A VICTORY for residents’ safety.

That is how Otley’s MP has described a decision that will allow a bollard and camera-based traffic control system to remain in place at Garnett Wharfe.

Introducing measures to control access to the housing development - especially during a flood - was one of the conditions when planning permission was granted for the redevelopment of the former Garnett paper mills site.

Developer Barratt and David Wilson Homes Yorkshire West told Leeds City Council in 2018 that it intended to use an automated number plate recognition and raising bollard system (ANPR) to achieve those goals.

But when it applied for permission in 2019 - after starting work - the council refused, saying it wanted a system that used a ‘bus lane enforcement camera’. This alarmed residents, who questioned the effectiveness of the bollard-less scheme, while the developer appealed.

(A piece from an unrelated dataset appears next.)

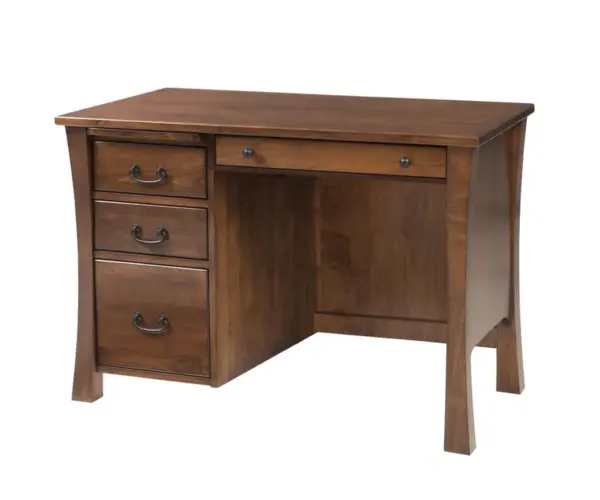 Woodbury Credenza Desk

That appeal has now been successful and MP Alex Sobel (Lab, Leeds North West) has hailed the result.

He said: “I am delighted our objections have been successful and that the safety of residents has prevailed in this case. We have had several exchanges with highways officers and have implored them to hear the concerns of the residents around the safety of the estate.

“There are many young families who live in Garnett Wharfe and it is vitally important that they feel safe.

“Despite assurances to the contrary, I was convinced that any changes to the bollards would result in an increased risk of through-traffic which would have been of great concern.

“It was hard fought but I am thankful the right decision has been made.”

Inspector Diane Cragg, in her report, raised doubts about the council’s camera-based proposal. In contrast, she cited the positives of the bollard system, concluding that it had ‘been designed to recognise vehicles and allow selective vehicle access through the development site in accordance with the planning condition’.

She added: “There are also measures in place to allow emergency vehicles to gain access from either side of the bollards and to manage a rapid response to maintenance in case of a fault in the system being identified. The bollards (also) form a barrier to accessing Mill Lane in the event of flood.”